Time Inc.: Lessons in Digital Transformation


Time Inc.: Lessons in Digital Transformation

September 8, 2014

A recent article in New York takes an in-depth look at Time Inc.’s response to the changing landscape of magazine publishing, along with a healthy dose of the classic drama that seems to grace the halls of any industry giant’s executive floor. Whether you find insight into the drama helpful or merely compelling, the story also offers a look at how the nation’s biggest magazine publisher is coping with the inevitable changes to the industry and what strategies they are pursuing to maintain leadership. With nearly 90 titles in their quiver—that include Time, Sports Illustrated, Fortune, InStyle and Real Simple—Time Inc. is worth watching, because how they weather the transformation from print to digital provides us with acute, timely insight to what publishers should or should not do to stay on top. 

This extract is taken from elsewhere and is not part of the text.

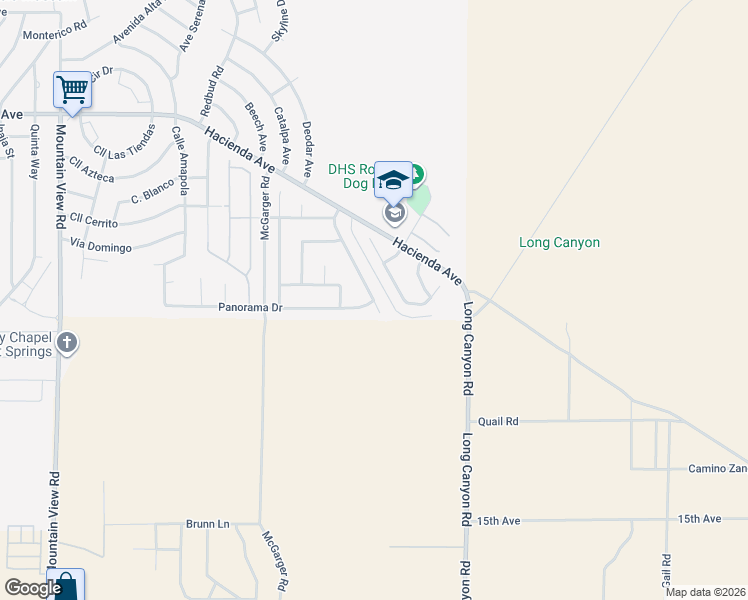 map of restaurants, bars, coffee shops, grocery stores, and more near Panorama Drive & Hacienda Heights Drive in Desert Hot Springs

None of Time Inc.’s publications are currently losing money, but the company’s revenues have fallen by nearly 65%, since 2006. Needless to say, lay-offs and leadership changes clearly reflect this decline, but the current CEO Joe Ripp, and his chosen Chief Content Officer, Norman Pearlstine, are making haste to turn it around. Their first step is the first tactic to watch.

  1. Think Digital, First.  Sound familiar? For Time Inc., this means stop thinking of yourself as a magazine company and make digital your habit. Ripp began by removing the position of Editor-in-Chief and replacing it with a Chief Content Officer. It also meant empowering editors more by making them directly responsible for a specific brand within the company. If you’re thinking, “Well, that means the content creation and business sides are blending,” you’re right. We’ve already seen this in the New York Times Innovation Report. It doesn’t mean however, from Ripp or Pearlstine’s perspective, that you must compromise editorial independence or integrity.
  2. Diversify Your Revenue. Hmmmm. This should sound familiar too. Time Inc. has indicated that they will pursue Video, eCommerce, Conferences and Events, in order to bring in other sources of revenue. What new revenue source will you pursue this year?
  3. Embrace New Forms of Content. Ripp and Pearlstine have touted Forbes’ User-Generated Content model along with Native Advertising. They are looking to mirror that kind of success, and you should too.
  4. Invest in Social Media. For Time Inc., this isn’t just about using social media as part of their content strategy, it’s about taking the lead with their own platform—whether they buy LinkedIn or develop their own site, they recognize the value of investing in it. The lesson for you is: big media sees it’s potential. It behooves us to keep up.
  5. Don’t Over or Under-Emphasize Traffic. Huh? Sounds contradictory, we know. But, it isn’t. You know that increasing traffic is important for increasing revenue. You also know it can be used as a target metric for success—to a point. It isn’t the end all, be all because focusing on numbers over the quality of the engagement is essentially a misdirection of your efforts. Really, what you should be looking at is, “How much can any traffic increase be monetized?” As Pearlstine puts it, “Are you creating traffic for advertisers that you can monetize? That’s a legitimate question.”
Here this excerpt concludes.